Contents: (Volume 21, number 1 -- Spring 2005)


 

Maren Mazzeo ’04, Wellesley’s Mellon Library Associate

Diane Speare Triant '68

Maren Mazzeo’s dark eyes sparkle as she contemplates the innards of a Vandercook press she helped to disassemble. As Wellesley’s first Mellon Library Associate, she is excited that one of her assignments is to learn to clean this vintage printing press—one of two Vandercooks in the Book Arts Lab at Clapp Library.

“I love it,” she says. “I get to work with my hands, get dirty, and feel a sense of accomplishment as I watch the oil and grease scrape away.” The Andrew W. Mellon Foundation established the one-year Associate’s program to recruit undergraduates into library science, a field facing a serious shortfall of trained professionals. Wellesley is one of six colleges to participate in the initiative, with Mazzeo one of five Associates nationwide.

“It is both a challenge and an opportunity,” she says. I’ve worked at the Science, Art, and Music Libraries, with the majority of my time spent at Clapp. I’ve helped teach Applied Arts workshops and have participated in the ‘Papyrus to Print to Pixel’ course. I’m learning about research methods, how to build Web pages, how to make paper, and how to bind books. I’m earning about diligence and responsibility, and the importance of supportive co-workers.

Katherine McCanless Ruffin [Book Arts Program Director] and Joan Campbell [Research & Instructional Services Librarian] have put in many hours—even outside of work—giving me feedback and advice.”

While apart, Mazzeo and her family bond by reading. “We started a family book group where we all read the same books and share our thoughts over a family listserv,” Mazzeo says.

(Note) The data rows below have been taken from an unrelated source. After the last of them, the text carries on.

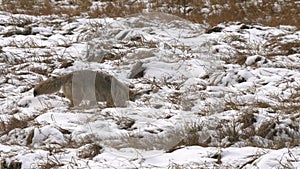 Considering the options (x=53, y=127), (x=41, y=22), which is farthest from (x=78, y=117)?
(x=41, y=22)

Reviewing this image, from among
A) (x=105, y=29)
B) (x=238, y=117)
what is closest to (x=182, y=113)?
(x=238, y=117)

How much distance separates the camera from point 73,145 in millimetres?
4762

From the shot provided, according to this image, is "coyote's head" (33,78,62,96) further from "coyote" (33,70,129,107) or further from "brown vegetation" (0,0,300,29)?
"brown vegetation" (0,0,300,29)

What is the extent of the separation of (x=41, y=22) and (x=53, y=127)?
660 centimetres

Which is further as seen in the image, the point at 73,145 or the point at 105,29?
the point at 105,29

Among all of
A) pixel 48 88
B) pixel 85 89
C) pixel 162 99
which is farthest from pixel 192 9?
pixel 48 88

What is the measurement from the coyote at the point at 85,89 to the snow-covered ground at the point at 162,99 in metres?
0.17

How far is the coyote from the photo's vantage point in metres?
5.94

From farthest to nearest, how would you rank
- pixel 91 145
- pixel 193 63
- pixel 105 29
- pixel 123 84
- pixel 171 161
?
1. pixel 105 29
2. pixel 193 63
3. pixel 123 84
4. pixel 91 145
5. pixel 171 161

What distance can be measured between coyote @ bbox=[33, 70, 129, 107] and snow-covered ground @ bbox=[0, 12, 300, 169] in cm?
17

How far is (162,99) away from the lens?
6.18 metres

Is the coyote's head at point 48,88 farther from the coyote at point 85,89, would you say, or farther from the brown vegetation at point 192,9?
the brown vegetation at point 192,9

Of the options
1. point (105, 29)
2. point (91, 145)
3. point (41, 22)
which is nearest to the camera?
point (91, 145)

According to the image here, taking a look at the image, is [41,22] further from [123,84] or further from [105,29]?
[123,84] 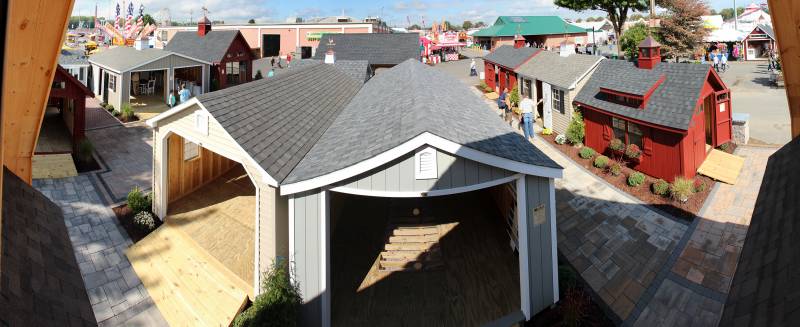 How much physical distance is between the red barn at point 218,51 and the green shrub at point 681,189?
90.2 feet

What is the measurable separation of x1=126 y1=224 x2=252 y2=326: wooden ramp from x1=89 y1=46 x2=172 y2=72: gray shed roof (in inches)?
677

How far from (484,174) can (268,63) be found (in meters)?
43.6

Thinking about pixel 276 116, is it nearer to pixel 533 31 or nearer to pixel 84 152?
pixel 84 152

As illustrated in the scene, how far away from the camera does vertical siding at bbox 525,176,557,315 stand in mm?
7871

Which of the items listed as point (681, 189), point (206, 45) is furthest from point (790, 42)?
point (206, 45)

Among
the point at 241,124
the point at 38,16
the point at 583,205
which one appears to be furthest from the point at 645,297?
the point at 38,16

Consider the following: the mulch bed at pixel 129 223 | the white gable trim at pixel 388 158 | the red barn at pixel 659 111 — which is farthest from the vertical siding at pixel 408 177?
the red barn at pixel 659 111

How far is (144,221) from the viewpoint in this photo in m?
10.5

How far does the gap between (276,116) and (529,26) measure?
64267 mm

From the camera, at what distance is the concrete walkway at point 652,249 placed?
8.38 metres

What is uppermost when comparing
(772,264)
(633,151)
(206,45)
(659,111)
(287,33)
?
(287,33)

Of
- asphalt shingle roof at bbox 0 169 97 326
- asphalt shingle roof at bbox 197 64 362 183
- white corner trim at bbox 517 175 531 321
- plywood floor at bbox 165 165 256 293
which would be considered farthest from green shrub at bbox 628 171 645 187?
asphalt shingle roof at bbox 0 169 97 326

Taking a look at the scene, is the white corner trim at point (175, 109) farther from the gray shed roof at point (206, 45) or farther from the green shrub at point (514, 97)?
the green shrub at point (514, 97)

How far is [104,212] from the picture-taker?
456 inches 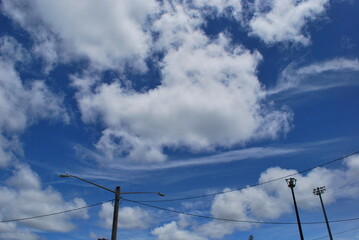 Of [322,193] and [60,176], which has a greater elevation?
[322,193]

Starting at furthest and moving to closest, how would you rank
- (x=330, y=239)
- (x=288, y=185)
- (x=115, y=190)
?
1. (x=330, y=239)
2. (x=288, y=185)
3. (x=115, y=190)

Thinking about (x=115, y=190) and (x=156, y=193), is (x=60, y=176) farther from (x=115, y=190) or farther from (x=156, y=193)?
(x=156, y=193)

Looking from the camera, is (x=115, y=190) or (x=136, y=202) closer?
(x=115, y=190)

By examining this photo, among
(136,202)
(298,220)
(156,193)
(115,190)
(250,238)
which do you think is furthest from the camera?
(250,238)

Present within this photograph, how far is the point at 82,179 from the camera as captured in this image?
16297mm

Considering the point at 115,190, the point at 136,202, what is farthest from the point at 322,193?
the point at 115,190

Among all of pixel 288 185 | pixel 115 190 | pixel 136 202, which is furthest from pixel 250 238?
pixel 115 190

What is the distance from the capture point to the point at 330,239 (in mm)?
40938

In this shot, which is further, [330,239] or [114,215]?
[330,239]

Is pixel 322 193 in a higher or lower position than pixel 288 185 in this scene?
higher

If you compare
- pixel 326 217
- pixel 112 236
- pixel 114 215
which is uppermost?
pixel 326 217

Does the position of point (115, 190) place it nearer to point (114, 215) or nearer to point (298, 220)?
point (114, 215)

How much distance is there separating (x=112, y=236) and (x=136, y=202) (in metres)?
6.17

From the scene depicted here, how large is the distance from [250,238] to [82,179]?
1950 inches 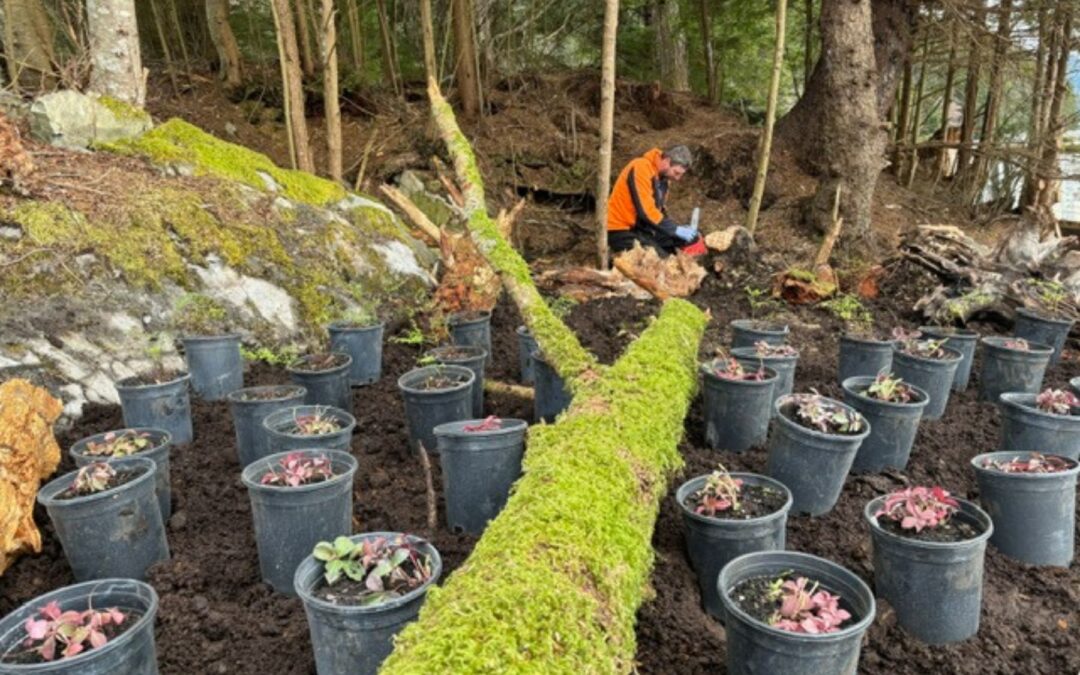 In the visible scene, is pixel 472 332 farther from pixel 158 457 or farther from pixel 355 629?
pixel 355 629

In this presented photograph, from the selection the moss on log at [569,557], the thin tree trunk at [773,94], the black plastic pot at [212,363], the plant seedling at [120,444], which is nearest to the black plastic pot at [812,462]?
the moss on log at [569,557]

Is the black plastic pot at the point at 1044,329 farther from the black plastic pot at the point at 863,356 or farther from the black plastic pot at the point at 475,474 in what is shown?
the black plastic pot at the point at 475,474

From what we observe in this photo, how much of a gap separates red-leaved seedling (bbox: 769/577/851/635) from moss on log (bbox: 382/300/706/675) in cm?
44

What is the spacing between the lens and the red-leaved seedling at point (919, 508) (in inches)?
97.0

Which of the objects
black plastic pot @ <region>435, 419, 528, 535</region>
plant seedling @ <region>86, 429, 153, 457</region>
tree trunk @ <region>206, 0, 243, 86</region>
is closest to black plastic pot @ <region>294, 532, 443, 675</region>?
black plastic pot @ <region>435, 419, 528, 535</region>

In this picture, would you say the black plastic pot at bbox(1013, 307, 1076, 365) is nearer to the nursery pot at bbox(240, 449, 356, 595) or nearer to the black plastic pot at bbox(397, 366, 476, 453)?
the black plastic pot at bbox(397, 366, 476, 453)

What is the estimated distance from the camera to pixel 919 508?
2.51 meters

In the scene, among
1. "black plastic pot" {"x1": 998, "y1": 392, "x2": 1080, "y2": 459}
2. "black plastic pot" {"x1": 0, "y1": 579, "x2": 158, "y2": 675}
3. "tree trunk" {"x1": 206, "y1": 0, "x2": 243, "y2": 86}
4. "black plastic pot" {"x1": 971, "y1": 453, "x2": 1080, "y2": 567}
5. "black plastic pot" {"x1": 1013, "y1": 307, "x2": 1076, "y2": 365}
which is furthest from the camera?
"tree trunk" {"x1": 206, "y1": 0, "x2": 243, "y2": 86}

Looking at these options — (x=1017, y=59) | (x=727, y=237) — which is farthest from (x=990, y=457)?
(x=1017, y=59)

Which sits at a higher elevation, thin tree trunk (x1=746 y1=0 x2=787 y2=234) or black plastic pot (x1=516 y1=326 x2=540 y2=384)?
thin tree trunk (x1=746 y1=0 x2=787 y2=234)

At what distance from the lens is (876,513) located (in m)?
2.60

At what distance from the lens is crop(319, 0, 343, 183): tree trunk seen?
19.2 feet

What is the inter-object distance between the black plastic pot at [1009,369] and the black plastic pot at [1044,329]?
2.48 ft

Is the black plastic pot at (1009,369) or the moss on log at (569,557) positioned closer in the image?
the moss on log at (569,557) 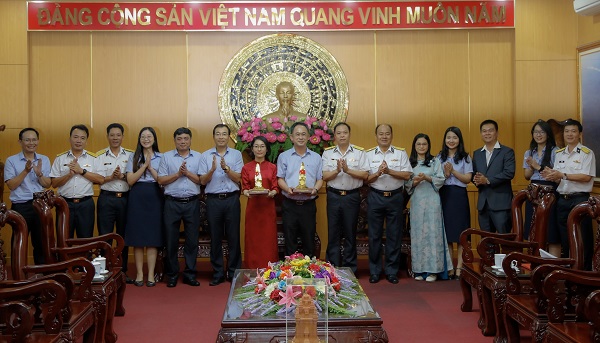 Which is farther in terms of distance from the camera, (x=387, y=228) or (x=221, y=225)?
(x=387, y=228)

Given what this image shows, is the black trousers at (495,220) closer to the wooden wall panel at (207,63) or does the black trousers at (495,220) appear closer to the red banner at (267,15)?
the red banner at (267,15)

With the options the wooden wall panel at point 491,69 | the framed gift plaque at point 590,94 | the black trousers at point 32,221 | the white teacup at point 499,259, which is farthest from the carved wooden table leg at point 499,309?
the black trousers at point 32,221

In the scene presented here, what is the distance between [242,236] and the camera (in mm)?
7137

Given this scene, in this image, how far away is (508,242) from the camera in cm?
427

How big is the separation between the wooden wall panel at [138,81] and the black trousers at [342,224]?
7.41 feet

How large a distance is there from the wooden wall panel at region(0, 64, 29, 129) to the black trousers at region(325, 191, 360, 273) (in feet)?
11.6

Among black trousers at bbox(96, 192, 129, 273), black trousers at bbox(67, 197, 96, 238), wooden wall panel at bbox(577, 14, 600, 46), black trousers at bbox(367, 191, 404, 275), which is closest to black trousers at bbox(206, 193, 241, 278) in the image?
black trousers at bbox(96, 192, 129, 273)

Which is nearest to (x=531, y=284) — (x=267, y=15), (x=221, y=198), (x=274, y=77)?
(x=221, y=198)

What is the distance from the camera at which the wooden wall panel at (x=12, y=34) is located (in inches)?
A: 267

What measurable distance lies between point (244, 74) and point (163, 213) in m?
2.06

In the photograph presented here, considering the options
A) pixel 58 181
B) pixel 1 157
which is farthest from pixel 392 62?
pixel 1 157

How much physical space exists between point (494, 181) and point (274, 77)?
2750 millimetres

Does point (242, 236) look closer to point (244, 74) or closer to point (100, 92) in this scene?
point (244, 74)

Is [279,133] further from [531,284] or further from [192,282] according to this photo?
[531,284] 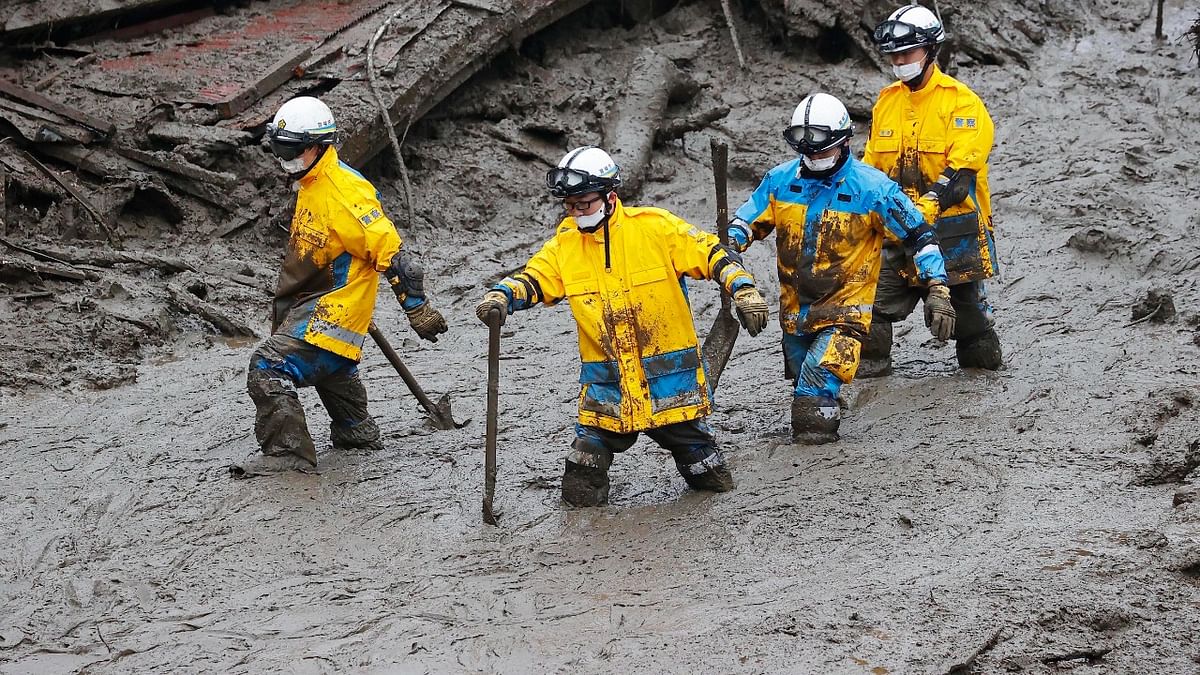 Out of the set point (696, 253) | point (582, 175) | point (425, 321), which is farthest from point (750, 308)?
point (425, 321)

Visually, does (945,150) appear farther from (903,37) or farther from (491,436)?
(491,436)

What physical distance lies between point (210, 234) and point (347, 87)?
60.8 inches

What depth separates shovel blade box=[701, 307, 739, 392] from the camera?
709cm

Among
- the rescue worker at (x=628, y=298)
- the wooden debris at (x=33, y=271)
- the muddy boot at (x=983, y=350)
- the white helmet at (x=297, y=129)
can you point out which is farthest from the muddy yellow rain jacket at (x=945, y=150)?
the wooden debris at (x=33, y=271)

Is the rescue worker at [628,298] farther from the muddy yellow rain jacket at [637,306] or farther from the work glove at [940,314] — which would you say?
the work glove at [940,314]

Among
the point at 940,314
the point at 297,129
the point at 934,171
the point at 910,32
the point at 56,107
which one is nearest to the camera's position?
the point at 940,314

“One recent selection was Sue Monk Kidd’s The Secret Life of Bees.” It was not books or libraries, however, that first attracted the future English major to Wellesley. “I came to visit my sister [Melora Slover Johnston ’00] for her spring break,” Mazzeo explains. “There was a huge blizzard and we trudged in knee-deep snow to a Shakespeare Society meeting. Then we went to the very top of Galen Stone Tower where we looked at the stars. It was all very romantic and wonderful and no other college tour could match the experience!”

This summer, Mazzeo and her husband, an electrical engineer and Marshall Scholar, will leave for England. She has applied to an M.Phil. program at Cambridge University, and hopes to utilize her Book Arts Lab knowledge to work for a letterpress printer in the area. Her positive experience at Clapp also seems to have found its way into her future dreams: “My husband and I hope to have five kids and a big house where he can have a science lab—and I can have a big barn-turned-library!”.

Book-loving comes naturally to Mazzeo, whose close-knit Mormon family (her parents, four siblings, and husband Brian, whom she married following her junior year at Wellesley) thrives on reading. Although home base is Colorado, family members are frequently away fulfilling their church’s mission obligations. Mazzeo joined her parents for several years in South Korea, where her father was president of the Pusan mission.

“I left my Colorado high school of over 3,000 students to attend a Department of Defense high school at Pusan with fewer than 50 people,” she says. “It completely changed my perspective on the world.”


 

April 6: A Talk with Claire Van Vliet of the Janus Press

Julia Hanna Brown '88

Tucked away in a far northeastern corner of Vermont, artist and bookmaker Claire Van Vliet has been quietly going about the work that has made her one of the world’s most respected practitioners in the field of book arts. Founded in San Diego in 1955, Van Vliet’s Janus Press moved to its current location in Newark, Vermont, in 1966. Over the past fifty years, Van Vliet has produced a remarkable body of Julia Hanna Brown ’88 work that has been honored with numerous exhibitions and awards, including the prestigious John D. and Catherine T. MacArthur Foundation Fellowship (sometimes referred to as the “genius” grant), which she received in 1989. When Van Vliet addresses a Friends of the Library audience on Wednesday, April 6 (4:15 p.m. in the Clapp Library Lecture Room), participants will enjoy the rare opportunity of hearing her discuss her work in person.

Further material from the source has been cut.